*** Opening of RECORD EXCERPTS ***

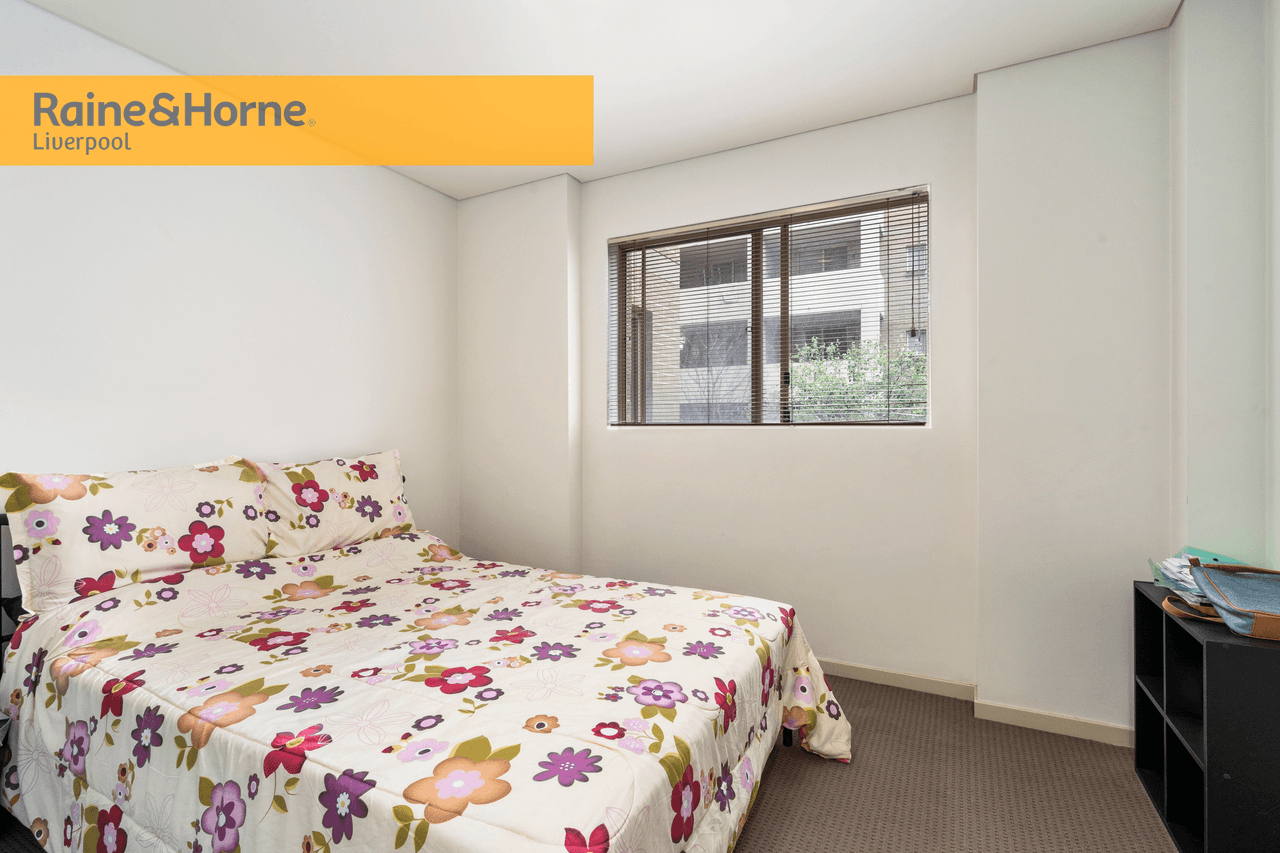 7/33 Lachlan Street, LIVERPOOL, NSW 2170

*** Close of RECORD EXCERPTS ***
*** Opening of RECORD EXCERPTS ***

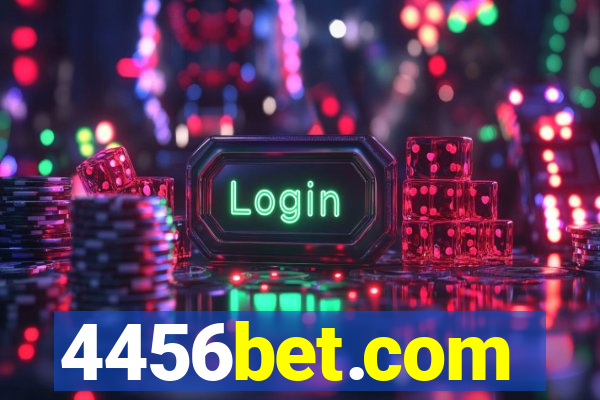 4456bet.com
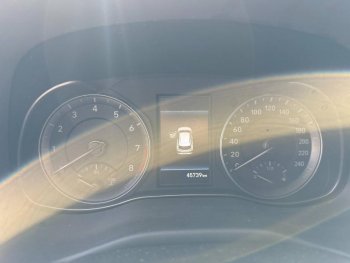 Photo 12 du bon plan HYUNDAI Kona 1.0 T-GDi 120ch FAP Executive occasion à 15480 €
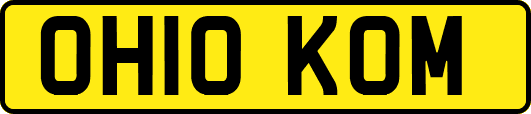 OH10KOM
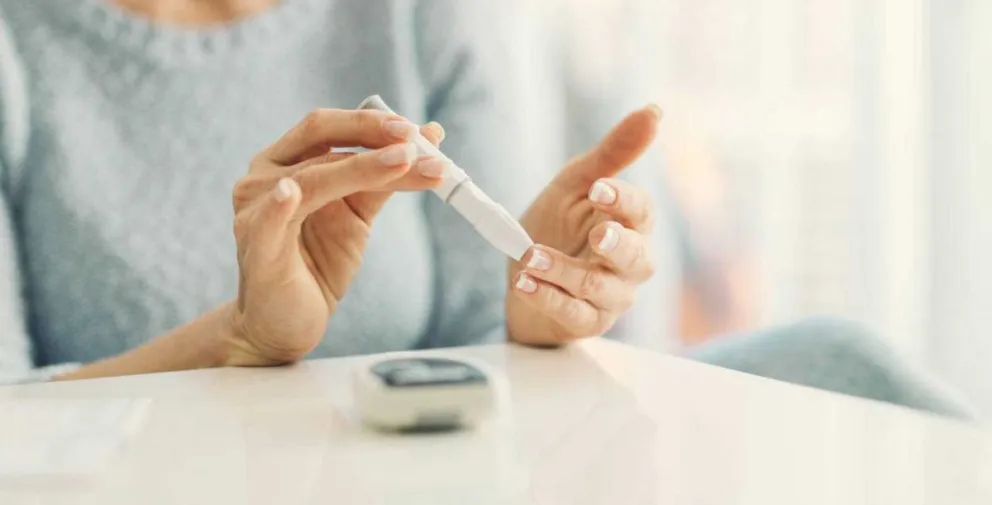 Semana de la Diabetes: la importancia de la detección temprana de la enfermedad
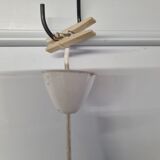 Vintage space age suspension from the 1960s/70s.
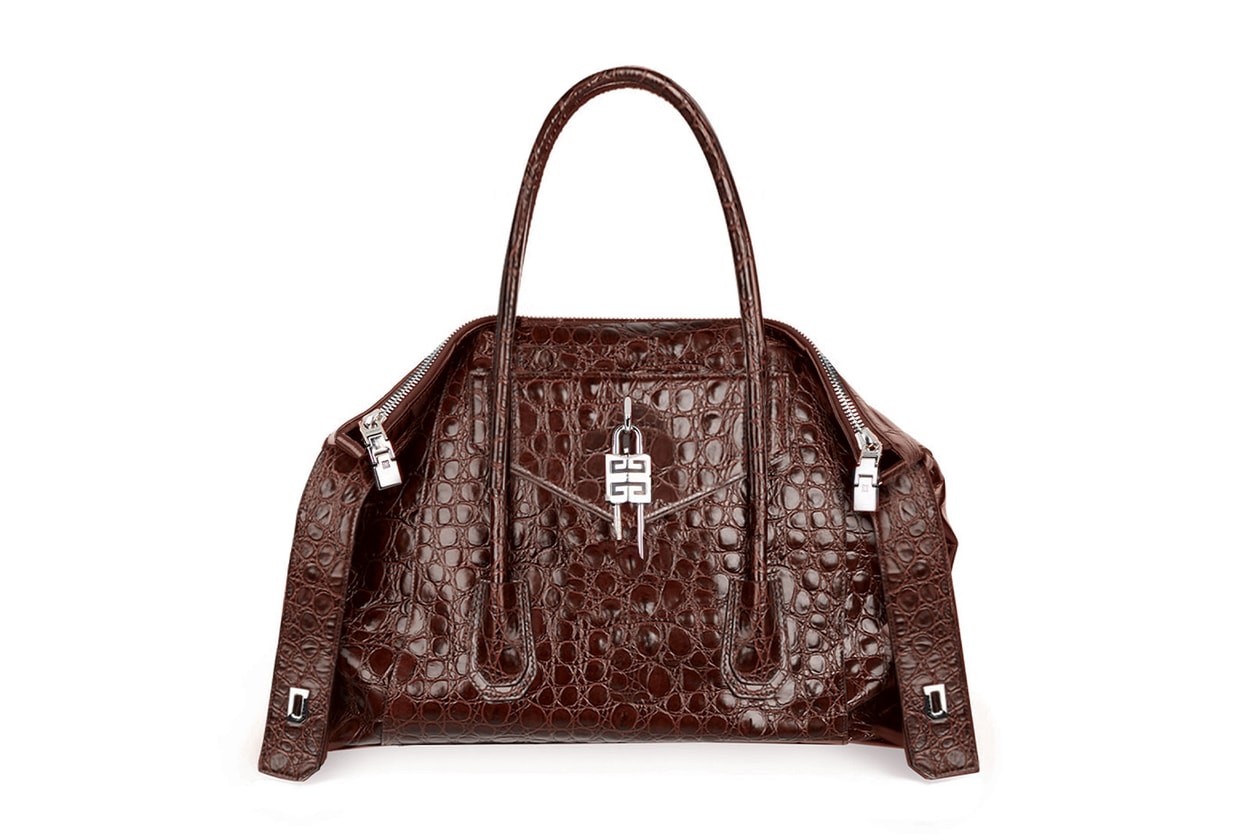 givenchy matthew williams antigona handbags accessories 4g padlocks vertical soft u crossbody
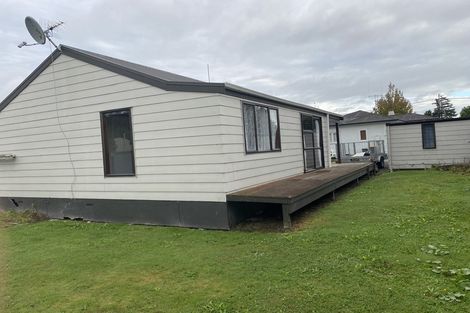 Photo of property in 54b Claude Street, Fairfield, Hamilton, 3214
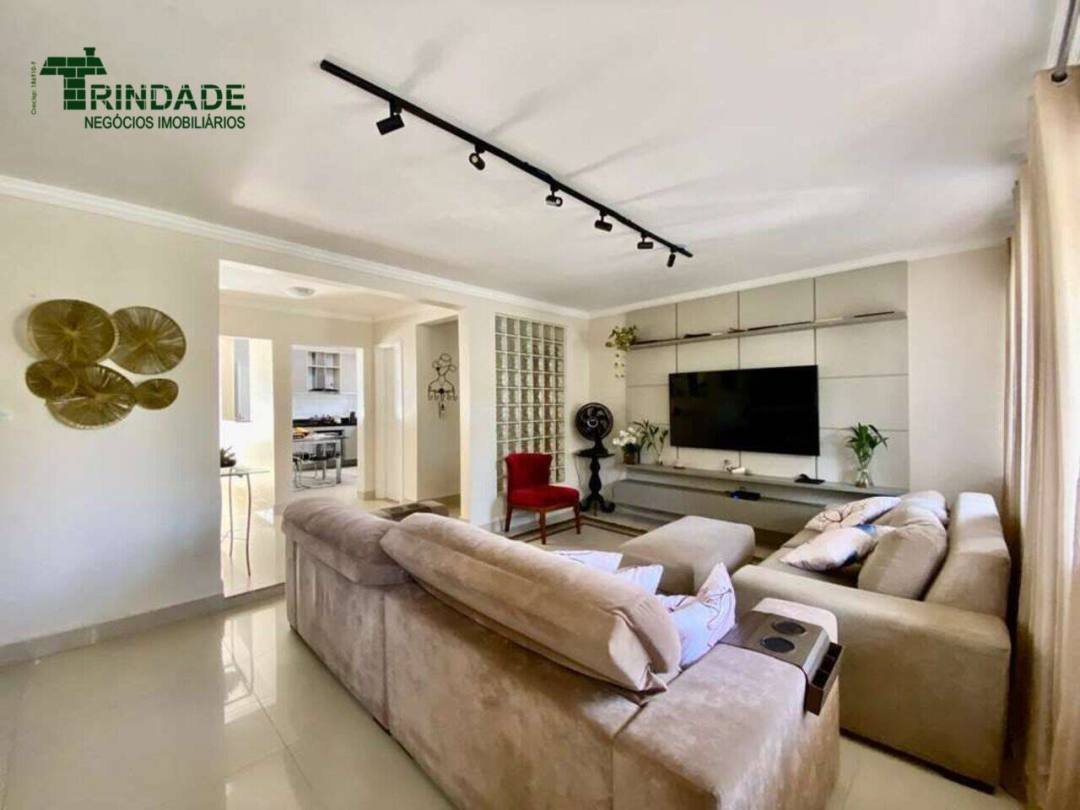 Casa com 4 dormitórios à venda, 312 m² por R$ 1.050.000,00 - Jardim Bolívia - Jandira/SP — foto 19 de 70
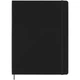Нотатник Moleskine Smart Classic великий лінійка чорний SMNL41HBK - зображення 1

*** Close of RECORD EXCERPTS ***
*** Opening of RECORD EXCERPTS ***

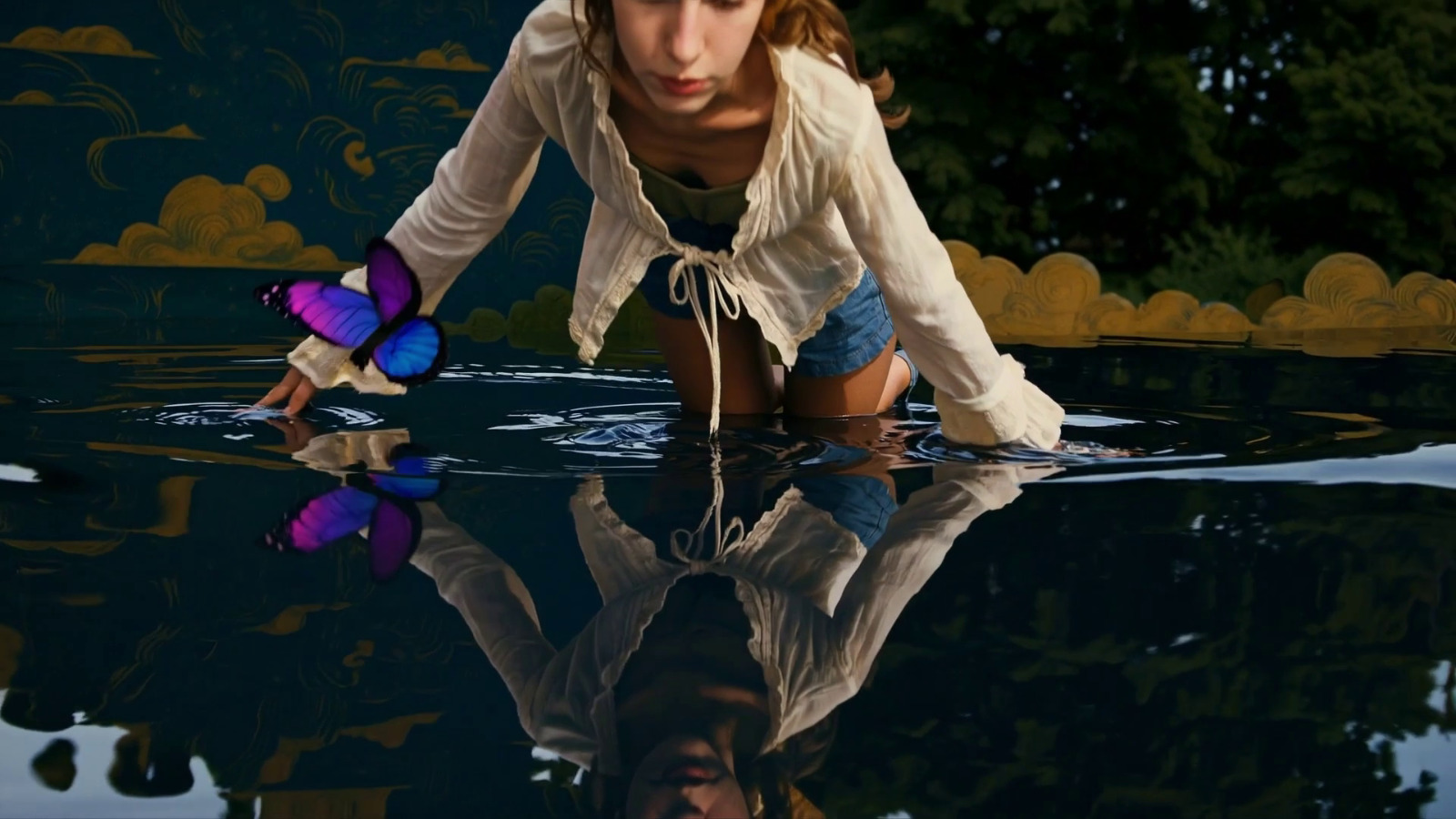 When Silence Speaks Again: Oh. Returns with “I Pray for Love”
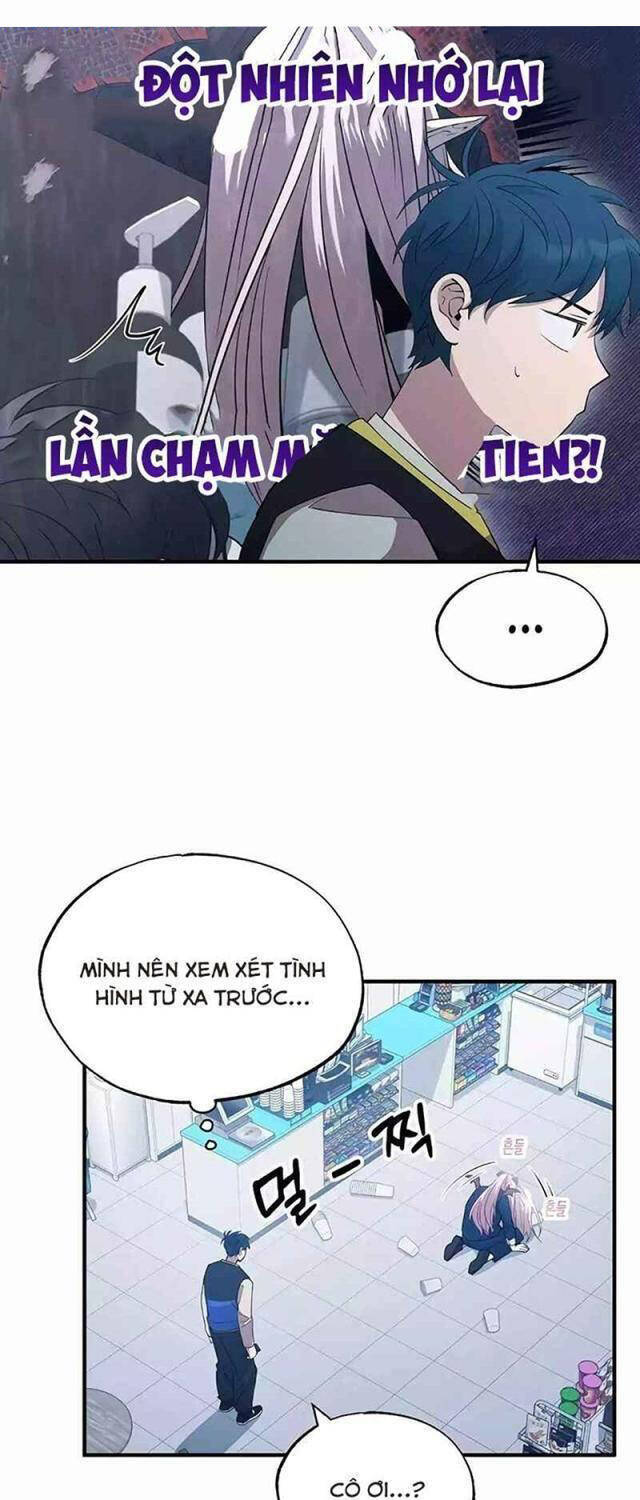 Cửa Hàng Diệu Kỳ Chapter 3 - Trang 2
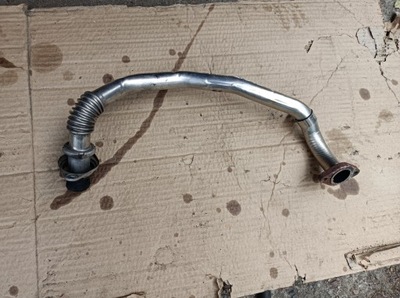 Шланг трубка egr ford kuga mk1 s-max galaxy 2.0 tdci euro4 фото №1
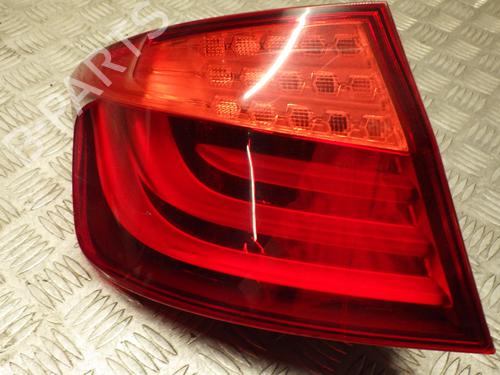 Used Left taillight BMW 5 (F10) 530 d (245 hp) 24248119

*** Close of RECORD EXCERPTS ***

TASK REQUIREMENTS. Pictures are to be left out. Write out only the lines above starting at the one with "Cửa Hàng Diệu Kỳ Chapter 3 - Trang 2" and ending at the one with "Used Left taillight", both lines included, exactly.

ANSWER TO THE EXERCISE.
 Cửa Hàng Diệu Kỳ Chapter 3 - Trang 2
 Шланг трубка egr ford kuga mk1 s-max galaxy 2.0 tdci euro4 фото №1
 Used Left taillight BMW 5 (F10) 530 d (245 hp) 24248119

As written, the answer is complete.